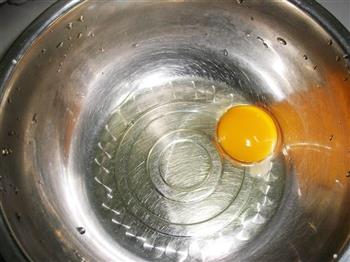 葱香腊肠鸡蛋饼的做法步骤3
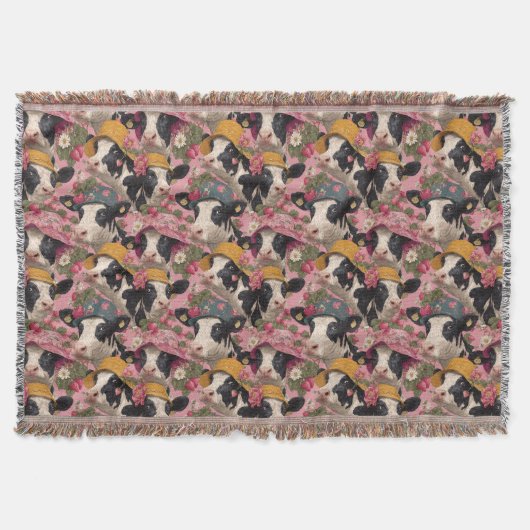 Young Cows Wearing Spring Hats In Strawberry Field Decke (Vorderseite)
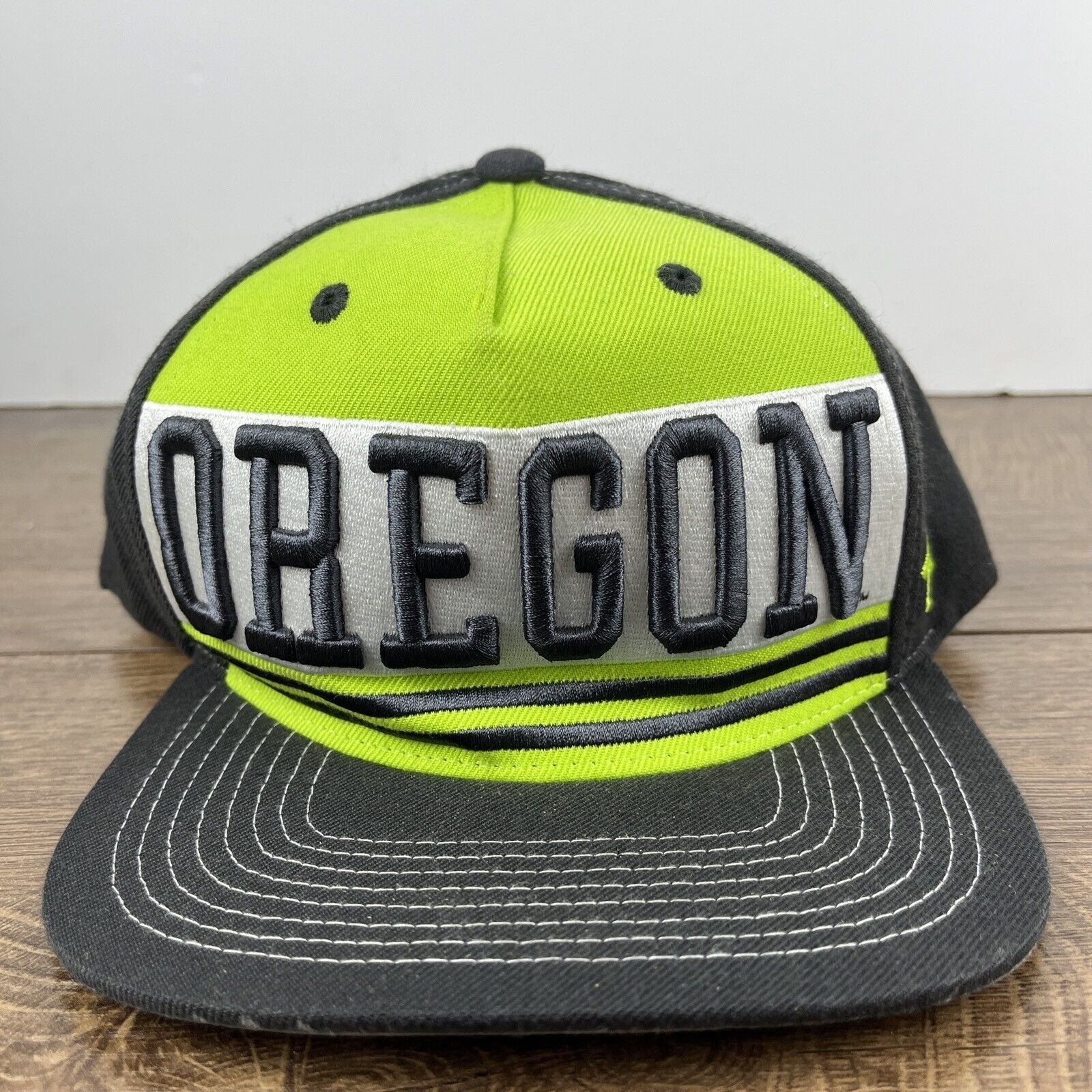 Other Oregon Ducks Gray Green Hat Snapback Green Adjustable Hat Ad Size ONE SIZE - 5 Thumbnail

• **The problem**:
Return the whole listing word for word, minus its pictures.

• **Answer for this exercise**:
 葱香腊肠鸡蛋饼的做法步骤3
 Young Cows Wearing Spring Hats In Strawberry Field Decke (Vorderseite)
 Other Oregon Ducks Gray Green Hat Snapback Green Adjustable Hat Ad Size ONE SIZE - 5 Thumbnail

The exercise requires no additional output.